Multiple Sclerosis Genome Wide Association Study (MSGWAS)
DAS Compston
Leena Peltonen, Stephen L Hauser, David A Halfer, Stephen J Sawcer.
Multiple sclerosis is the most common potentially disabling neurological condition affecting young adults in the developed world. The health, social and economic costs are considerable. Initially the course is relapsing and remitting, but a high proportion of those affected eventually become disabled due to disease progression; and for many this is the harbinger of disintegration in their personal and professional lifestyles. Despite important advances in therapeutics, none of the currently available disease-modifying drugs provide long-term benefits. Undoubtedly, the greatest barrier to the development of more successful treatments is our poor understanding of pathogenesis and disease mechanisms. The available evidence suggests that multiple sclerosis is primarily an autoimmune disease in which inflammation initiates a secondary neurodegenerative process. However, little is known about events that trigger the disease or factors that govern its highly variable course and severity.
We aim to identify genetic variants influencing susceptibility to multiple sclerosis by performing an extensive genome-wide association study (GWAS) in an exceptionally well characterised study sample derived from multiple populations having a high prevalence of the disease in which we expect ubiquitous susceptibility factors to be represented. We will use these same data to characterise genetic variants influencing the severity and clinical course of the disease.

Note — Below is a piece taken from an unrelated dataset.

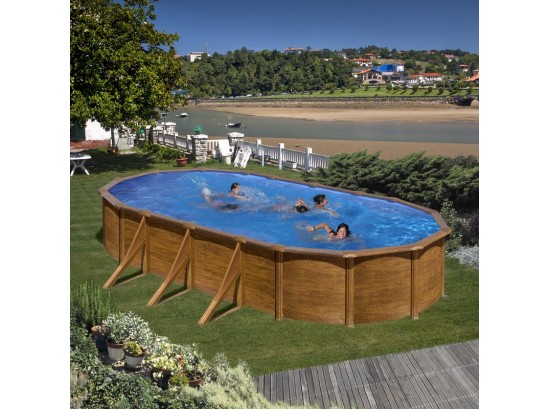 ΥΠΕΡΓΕΙΑ ΠΙΣΙΝΑ ΑΠΟ ΧΑΛΥΒΑ PACIFIC ΟΒΑΛ 7,30Χ3,75μ.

This application is submitted on behalf of the International Multiple Sclerosis Genetics Consortium (IMSGC) and the Genetic Analysis of Multiple sclerosis in EuropeanS (GAMES) collaborative group. Together, these consortia include 18 research groups with synergistic expertise, who between them have access to a critical mass in terms of DNA samples from phenotyped individuals with multiple sclerosis. We propose to perform an extensive GWAS in 10,000 cases and compare these with data from existing population-specific control cohorts, including those provided by WTCCC. Ultimately we will combine these new data with other GWAS being performed in multiple sclerosis including the smaller GWAS we have already published.